=== Section Start ===

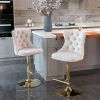 A&A Furniture,Golden Swivel Velvet Barstools Adjusatble Seat Height from 25-33 Inch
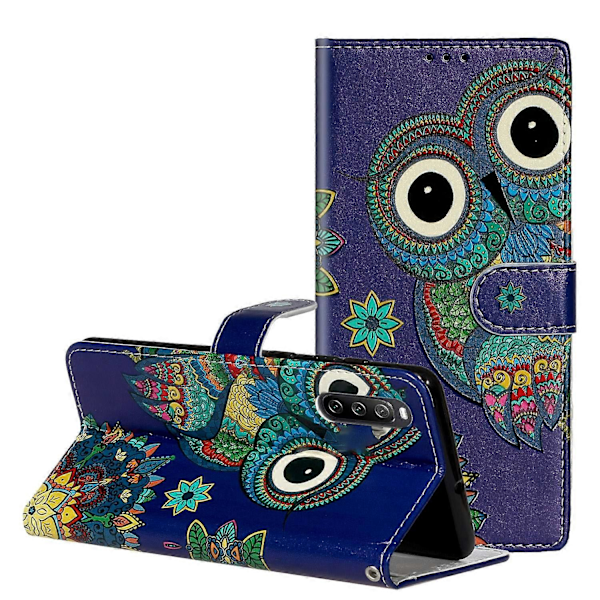 Plånboksfodral för Sony Xperia 10 V Mönstertryck PU Läder Ställ Telefonskal med Rem Multicolor Style B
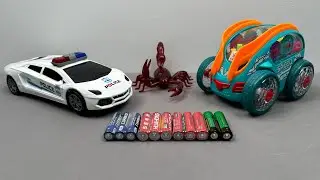 Unboxing the remote control scorpion, dump stunt car, and spinning police car.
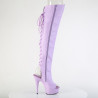 Pleaser DELIGHT-3019 Lavender Laced Thigh High Boots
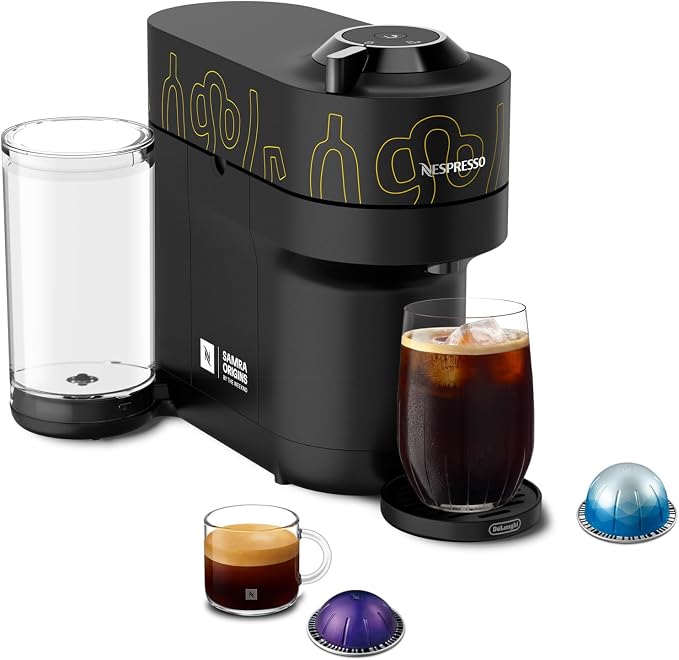 Nespresso Samra Origins Vertuo Pop+ Coffee & Espresso Maker by De'Longhi | Samra Origins by The Weeknd coffee machine in buna yellow, with one-touch, 25 fl. oz. side tank and 30 second heat-up.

=== Section End ===

*Directions for this task*
The line holding "Unboxing the remote" starts the copy and the line holding "Pleaser DELIGHT-3019 Lavender" ends it. Repeat those two lines above and all between them exactly, leaving out pictures.

*Response below*
 Unboxing the remote control scorpion, dump stunt car, and spinning police car.
 Pleaser DELIGHT-3019 Lavender Laced Thigh High Boots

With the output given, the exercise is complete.